They successfully penetrated the market within a year. However, their zero pricing strategy was declared predatory and anti-competitive. They were on thin ice, where a single characterization of dominance demarcated them from being penalized for anti-competitive behavior. This portrays the beginning of a new era for Indian competition law, where a revolutionary pricing strategy was applied which provided the consumers utopian incentives. The spotlight of our attention should be focused on a particular phase ‘penetration’ and its relation and position with Indian Competition Law. It remains a gray area and has demonstrated potential to renovate the competition law scenario in India.

 

Controversial Pro-Penetration Stand of TRAI  

 An interesting perspective can be extracted from Telecom Regulatory Authority of India’s (TRAI’s) ruling concerning the predatory price allegation on Jio. Jio made its mark on the telecommunication market when it started providing free data and voice services in 2016. Consequently it generated a gargantuan shift in the consumer base. Even when they started charging for their services, it was still a fraction of what its rivals (Airtel, Vodafone and Idea) were charging. In 2018, TRAI amended the predatory pricing rule which caused a disruption in the market, especially for the rivals of Jio. It permitted Jio to continue with its low pricing but barred its rivals to reduce their current prices to tackle competition. It reasoned that the rivals’ existing position would cause abuse, whereas, Jio being a new entrant was inept to abuse (predation). It also scrapped traffic volume as a parameter for establishing market power, which gave absolute immunity to Jio, as it was experiencing huge growth in terms of traffic volume. However, these changes were nullified by the sectoral appellate tribunal, when the rivals challenged them on the merits of intent and capability of Jio. The  sectoral appellate tribunal observed that TRAI’s changes offered ‘artificial protection’ to the entrant and as a counter-measure allowed the rivals to offer cheap rates to compete with the low tariffs of Jio. Two polar views can be observed here, while TRAI directly allowed penetrative pricing as it granted the relaxations to Jio due to its nascent position , the appellate tribunal rejected the merit of market  penetration through low pricing, thereby rejecting the theory of penetrative pricing by ignoring the entrant’s position and denying it the benefit of newcomer’s promotional pricing opportunity.

 

Penetrative Pricing: The Search for Clarity and Dawn of its Undeniable Existence

 Unlike predatory pricing, penetrative pricing is not much popular in the arena of competition law. Competition Act, 2002(hereinafter the ‘Act’) which regulates competition in India is silent upon this matter to the extent where there is no explicit mention about it in the entire Act.
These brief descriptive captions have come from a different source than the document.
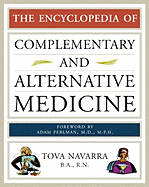 The Encyclopedia of Complementary and Alternative Medicine - Navarra, Tova, R.N., and Perlman, Adam, M.D. (Foreword by)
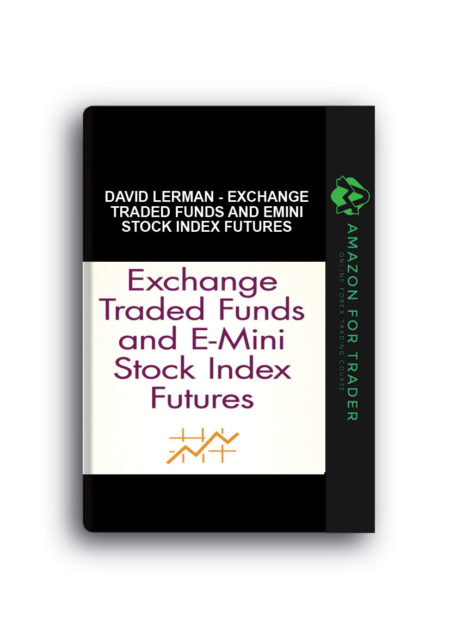 David Lerman - Exchange Traded Funds and EMini Stock Index Futures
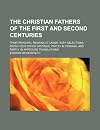 The Christian fathers of the first and second centuries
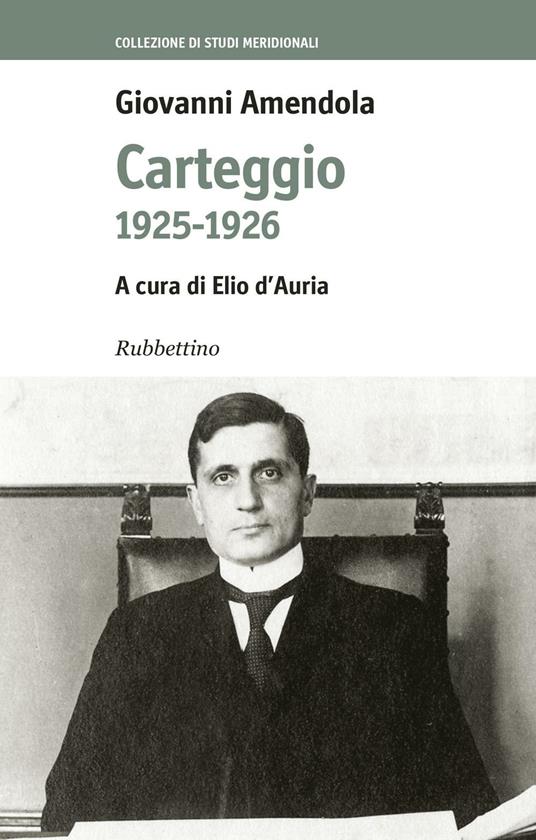 Carteggio 1925-1926 - Giovanni Amendola - copertina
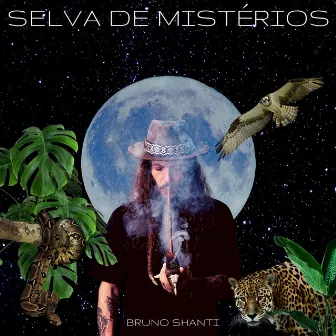 Selva de Mistérios by Bruno Shanti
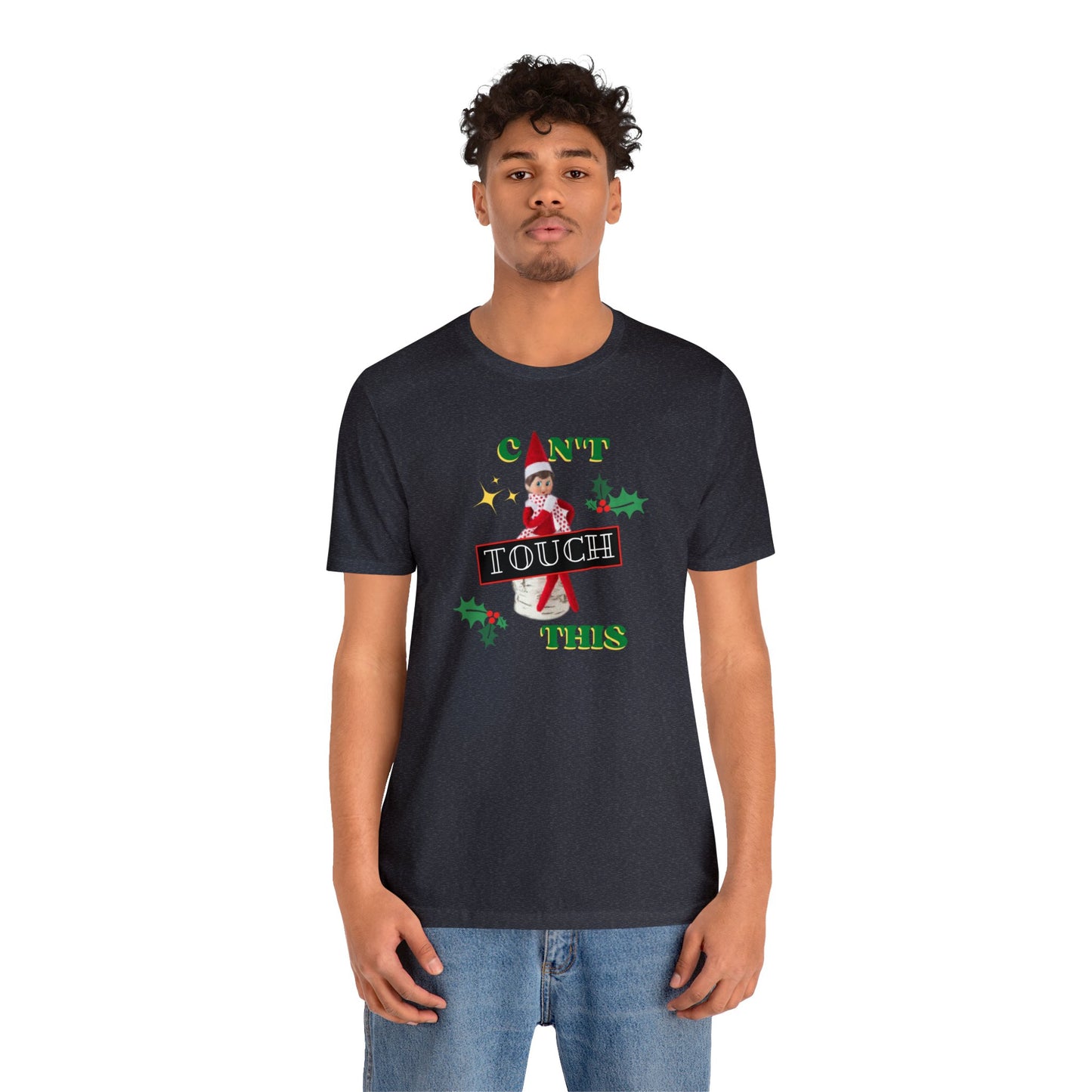 Can't touch this Christmas T-Shirt- Unisex Jersey Short Sleeve Tee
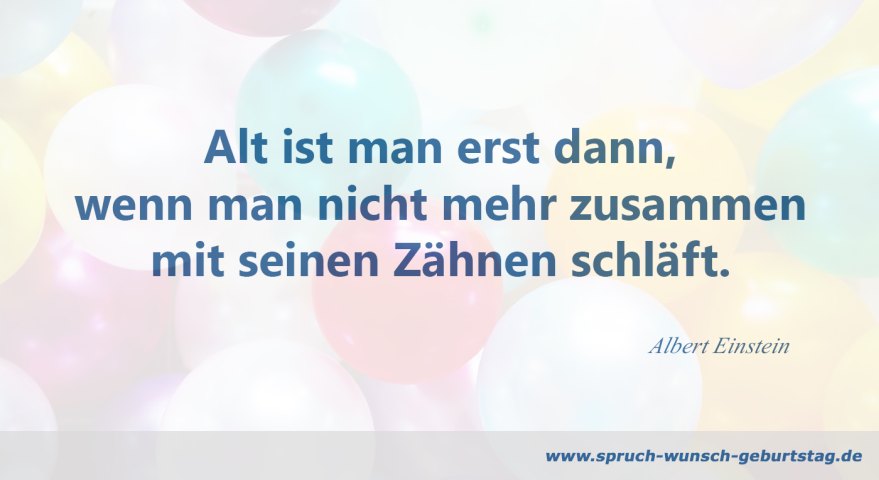 Lustige Geburtstagsspruche Lustiger Spruch Zum Geburtstag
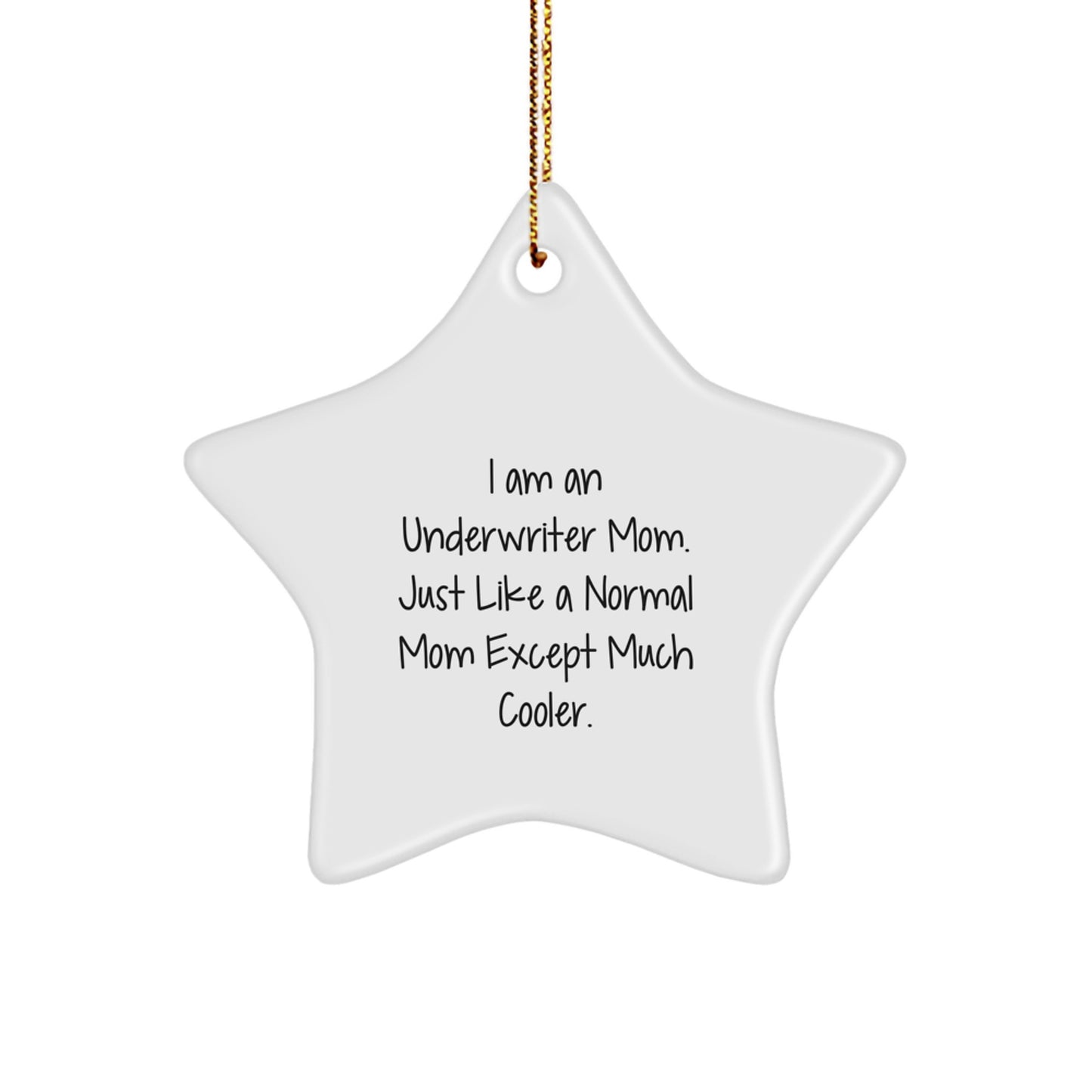 Underwriter Mom's Star Ornament, Star-Shaped, White, Gifts from Underwriter Mom for Underwriter, Funny Christmas Unique Gift - Image 1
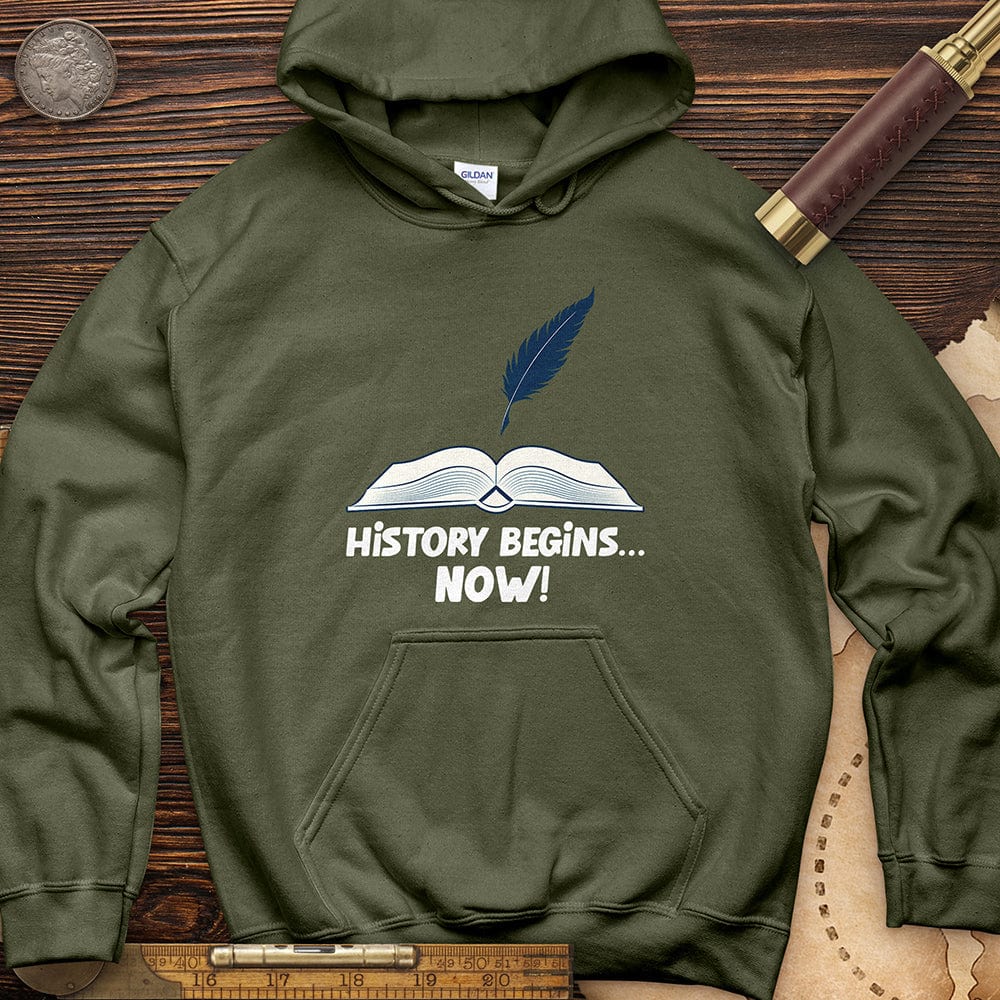 History Begins Now Hoodie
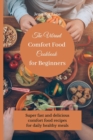 Image for The Vibrant Comfort Food Cookbook for Beginners : Super fast and delicious comfort food recipes for daily healthy meals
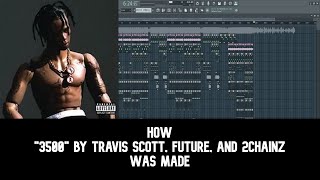 BEST ON YOUTUBE How quot3500quot by Travis Scott Future and 2Chainz was Made FL STUDIO 21 [upl. by Yeffej]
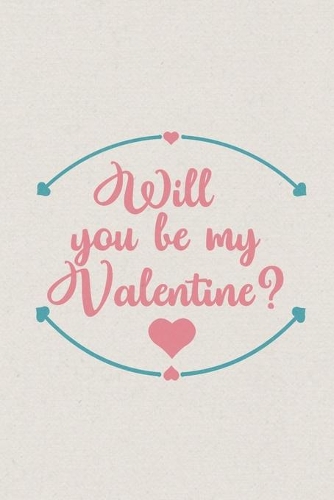 Will you be my Valentine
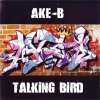 AKE-B - TALKING BIRD [CD] AKE-B RECORDS (2013) ڼ󤻡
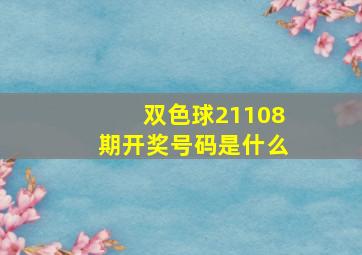 双色球21108期开奖号码是什么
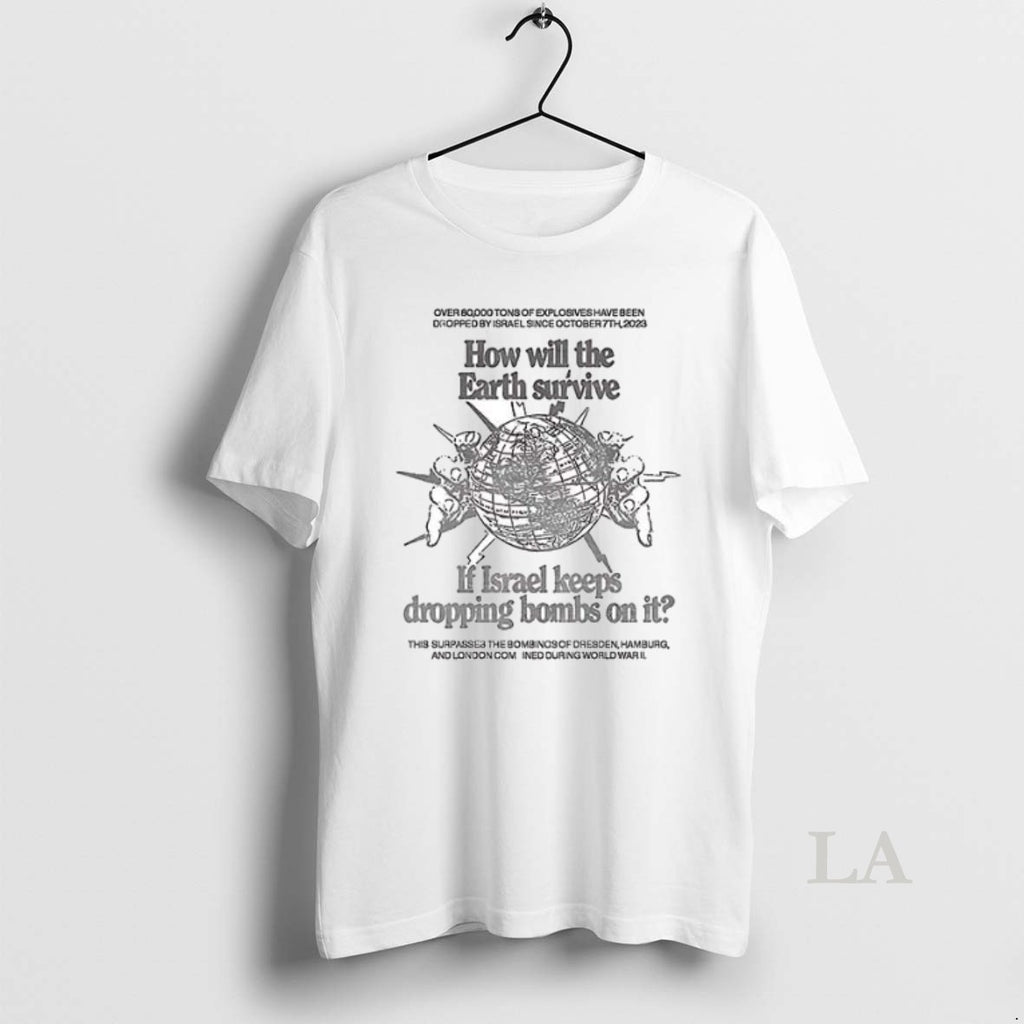 Original How Will The Earth Survive If Israel Keeps Dropping Bombs In It Ceramic Ceramic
Certain topics regarding penetrative pricing are discussed below in an attempt to clear the fog:

 

  1. Definition- Penetrative Pricing is a common marketing and pricing strategy. Seldom has a clear and concise definition been provided in the cases or the regulating bodies which encompasses majority of the aspects of penetrative pricing with respect to competition law. A hypothetical definition is being provided here:

Penetrative pricing can be defined as lowering (usually) of prices of items or services by an non-dominant entrant entity to establish, promote and highlight its identity and existence in the market, where multiple incumbent players already exist , with the anticipation, preparation and objective to expeditiously attract the consumers’ attention at the expense of suffering initial losses which may or may not be recouped once their identity is established through this short term incentive-based strategy.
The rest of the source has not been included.